The ratio of the volume of two cubes is 27 :64 then find the ratio of their total surface area

To solve the problem, we need to find the ratio of the total surface areas of two cubes given the ratio of their volumes. ### Step-by-Step Solution: 1. **Understanding the Volume Ratio**: The volume of a cube is given by the formula \( V = a^3 \), where \( a \) is the length of a side of the cube. We are given that the ratio of the volumes of two cubes is \( 27:64 \).
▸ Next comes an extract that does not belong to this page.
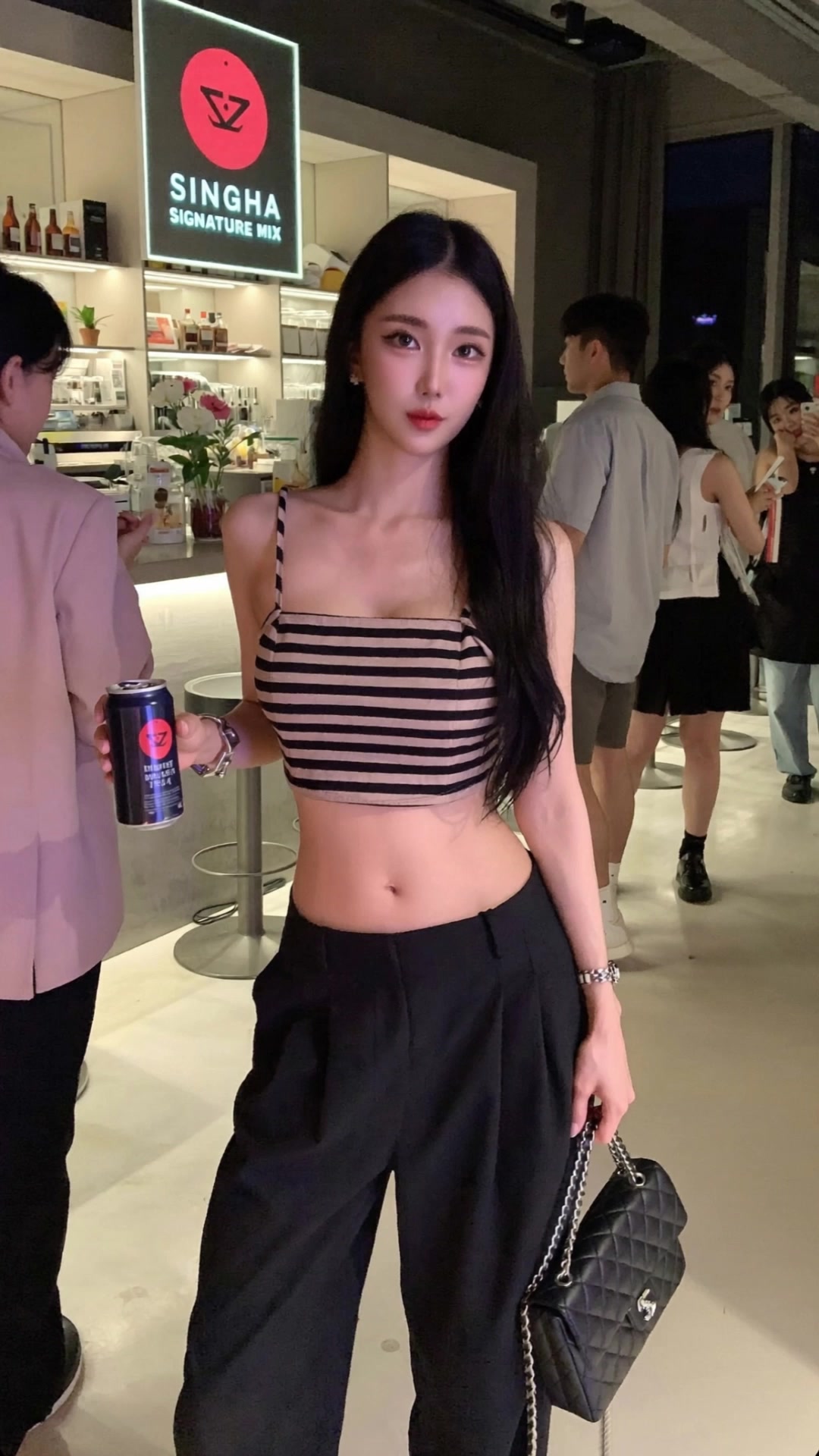 @amy_kim_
This can be expressed as: \[ \frac{V_1}{V_2} = \frac{27}{64} \] 2. **Expressing the Volume in Terms of Side Lengths**: Let the side lengths of the two cubes be \( a_1 \) and \( a_2 \). Therefore, we can write: \[ \frac{a_1^3}{a_2^3} = \frac{27}{64} \] 3. **Taking the Cube Root**: To find the ratio of the side lengths, we take the cube root of both sides: \[ \frac{a_1}{a_2} = \frac{\sqrt[3]{27}}{\sqrt[3]{64}} = \frac{3}{4} \] 4. **Finding the Total Surface Area**: The total surface area \( S \) of a cube is given by the formula \( S = 6a^2 \). Thus, for the two cubes, we have: \[ S_1 = 6a_1^2 \quad \text{and} \quad S_2 = 6a_2^2 \] 5. **Finding the Ratio of Total Surface Areas**: The ratio of the total surface areas can be expressed as: \[ \frac{S_1}{S_2} = \frac{6a_1^2}{6a_2^2} = \frac{a_1^2}{a_2^2} \] 6. **Substituting the Ratio of Side Lengths**: We already found that \( \frac{a_1}{a_2} = \frac{3}{4} \). Therefore, squaring this ratio gives us: \[ \frac{a_1^2}{a_2^2} = \left(\frac{3}{4}\right)^2 = \frac{9}{16} \] 7. **Final Ratio of Total Surface Areas**: Thus, the ratio of the total surface areas of the two cubes is: \[ \frac{S_1}{S_2} = \frac{9}{16} \] ### Conclusion: The ratio of the total surface areas of the two cubes is \( 9:16 \).